MC Ricky D, whose government name Ricky Walters appeared prominently on arrest warrants throughout the early part of the new millennium, is a Bronx rapper by way of London, England. He is frequently touted as one of the preeminent storytellers in the entire genre of hip hop, and on that fact, you'll hear no argument from Max: even today, the few rappers that still attempt to tell stories in their rhymes are playing catch up to Slick Rick.

He rhymed with fellow rapper Dana Dane for a while before becoming part of Doug E. Fresh's Get Fresh Crew, appearing on hit singles such as "The Show" (which, if you believe ego trip's Big Book of Rap Lists, is one of the most religious rap songs ever recorded) and "La Di Da Di", a song which inspired a young Calvin Broadus to completely jack the song, alter the title just slightly, and create his own big hit as his rapping alias Snoop Doggy Dogg. After the success of Doug E. Fresh, his contributions became more and more prevalent, and often moved away from the direction that Doug was aiming for. As such, the record label got involved, and MC Ricky D was asked to "leave the group" (read: he got his ass fired), which is how Ricky ended up signed at Def Jam Records. He quickly recorded his solo debut, and The Great Adventures of Slick Rick was born.

Slick Rick's songs are all about contrasts. His delivery is unmistakeably easy to follow, and the fact that he is British somehow makes the lyrics seem a bit classier than they have any right to be (it's true: read HHID with a British lilt and I'll sound classier as well). The sense of humor that is inherent from the very first song, "Treat Her Like A Prostitute", is a positive as well. However, the use of profanity (not very rare in hip hop, of course) and vulgarity, especially regarding the female gender, is a bit disparaging (see: the song title I just named). This characteristic has earned Ricky a lot of detractors, most of whom have never listened to one note of the man's music.

The Great Adventures Of Slick Rick is considered to be a hip hop classic, and earned the once-coveted five-mic rating in The Source upon its release. Of course, Ricky's personal life took a turn for the worse after the release of this disc, but I'll save that for another review. The production, provided by Run DMC's Jam Master Jay, Public Enemy's The Bomb Squad, and Rick himself, sounds incredibly dated, and that fact alone will probably cause the younger of my two readers to turn away in disgust and wonder why I'm writing about shit that's a full decade older than they are. Trust me, kiddos, this album is considered a classic for a reason, and I'm the guy that argues for days that the beats have to be compelling for the rhymes to work.

Still here, kids? Okay, carry on.

I find it hilarious that this subject matter, which is essentially the idea of not wearing your heart on your sleeve, is treated in such a profane and, yet, relatable manner. It helps that Ricky is incredibly easy to follow, and that the beat makes for an easy transition from Doug E. Fresh's material to Ricky's solo work.
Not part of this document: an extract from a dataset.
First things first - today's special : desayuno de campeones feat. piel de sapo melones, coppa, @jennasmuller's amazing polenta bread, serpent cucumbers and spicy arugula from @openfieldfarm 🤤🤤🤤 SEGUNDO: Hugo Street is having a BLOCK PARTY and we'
Probably would have made more sense as the opening track, but still, effectively introduces MC Ricky D to the masses, and sets up expectations well. Jam Master Jay (R.I.P.) provides the beat, which is pretty ill, although the horns start to grate on the nerves after a while.

This may sound different than what you're used to, with a sparse beat (at least, when compared to its better-known remix) and the reference to the "spanking shotgun" instead of the much classier "dope machine gun", but this song is still a classic for a damn good reason. I always loved how the song is actually pretty fucking dark, but the video is chock-full of slapstick comedy.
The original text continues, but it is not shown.